This volume is derived largely from Stacey's private notes during his long term as vice chairman of the INternational TOkamak Reactor Workshop. He provides an insider's view of the administrative and organizational history with politics and a bit of technical detail of the frustrating attempts to extract power from nuclear fusion. Lucid coverage of a little-explicated aspect of the peaceful uses of atomic energy. Readily accessible to the lay reader. Stacey (and many faithful colleagues) remain optimistic that fusion is the future of earth' energy though it's been pursued for some 60 years with only the briefest bursts of output in excess of input. We pray they deliver more to an impoverishing world than the alchemists did. A vital addition to any nuclear engineering/history of science collection. Annotation ©2010 Book News, Inc., Portland, OR (booknews.com)
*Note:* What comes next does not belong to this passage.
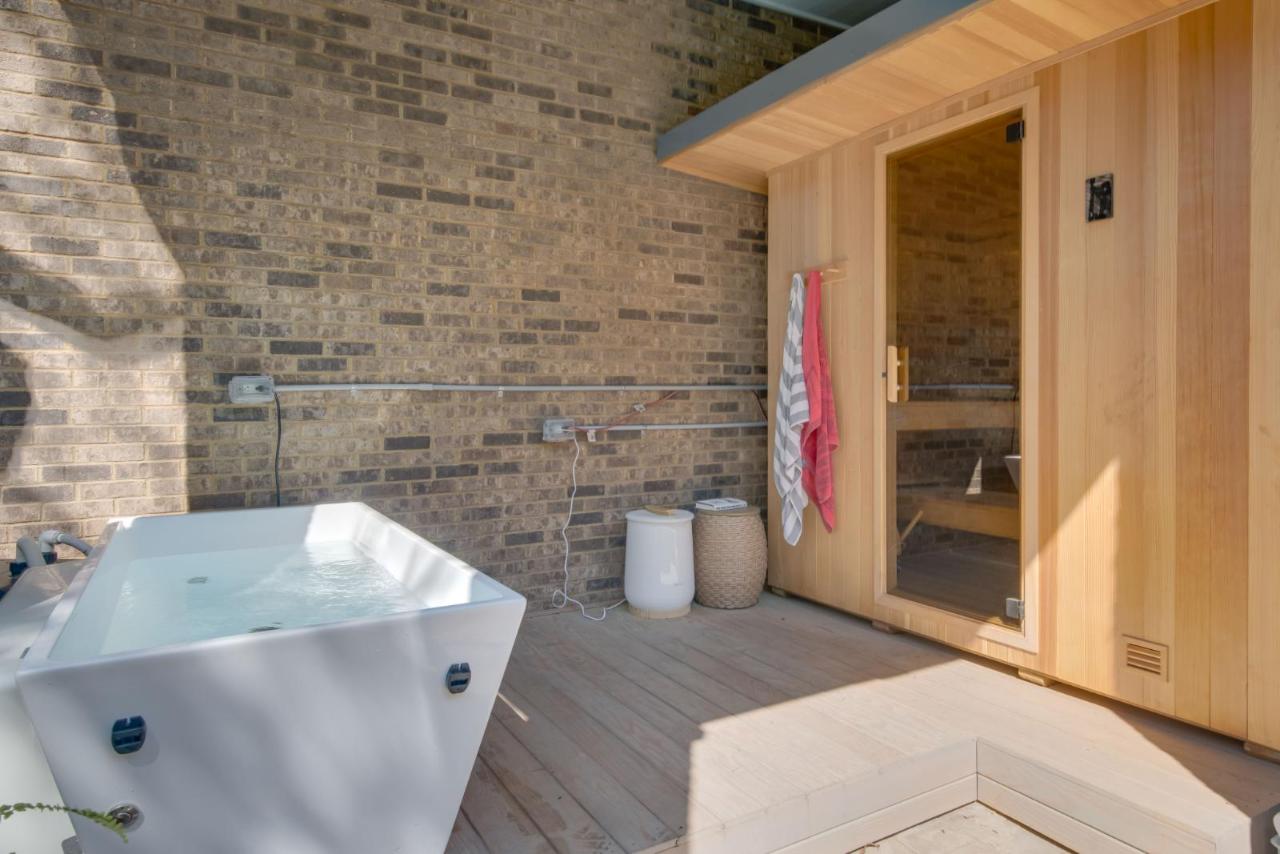 Custom Outdoor Saunas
Concerns over the planet's limited energy sources are not new. For the past half-century, scientists from around the world have explored substitutes for fossil fuels. Among them, developed nations have invested considerable resources in the development of nuclear fusion technology. Thus, in 1978, scientists and engineers from Europe, Japan, the United States, and the former Soviet Union joined together under the banner of the INTOR Workshop (INternational group working on a TOkamak Reactor) to share their individual research on nuclear fusion's viability as an energy source. Their ten years of cooperative work on the design and development possibilities for harnessing nuclear energy planted the seeds for the International Thermonuclear Experimental Reactor (ITER), construction of which began in 2008 and whose goal it is to demonstrate the scientific and technical feasibility of fusion power.
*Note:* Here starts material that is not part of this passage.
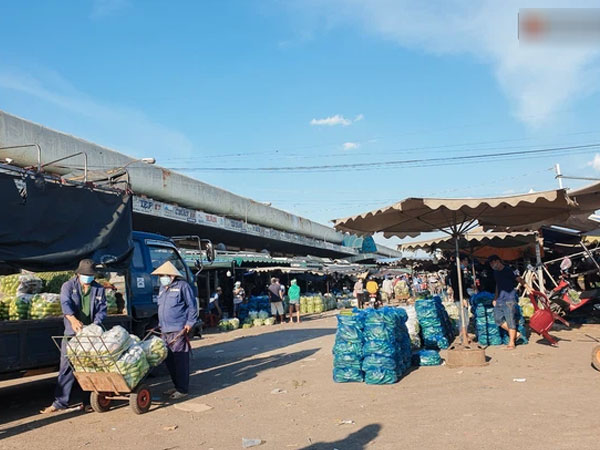 Chợ đầu mối Hóc Môn tạm dừng mua bán trực tiếp sau 19 ca F0, tiểu thương tranh thủ đi giao nhận hàng trước giờ 'G'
Weston Stacey served as the INTOR Workshop's vice-chairman (and U.S. representative) and kept a journal in which he detailed both the scientific participants' technical work as well as their more political interactions. In this first person narrative, Stacey provides an accessible account (introducing explanatory material when necessary) of the research and development activities conducted to determine the viability of designing, constructing, and operating a tokamak experimental power reactor. Of more human interest were the obstacles the Workshop leaders and participants faced as they advanced their own countries' priorities while striving to make progress on the global future of nuclear fusion technology. Personal anecdotes illuminate the mixing of cultures and the challenges presented by the Cold War's unique political climate. While the focus of the book centers on the history of the INTOR Workshop, Stacey paints a full picture of the people and places involved in the work, how decisions were made, and how these efforts laid the groundwork for ITER's subsequent development. This text will appeal not only to those studying fusion science and engineering, but to anyone interested in a unique story of how international relations and scientific study intersect, ultimately one of collaboration for the sake of a common goal.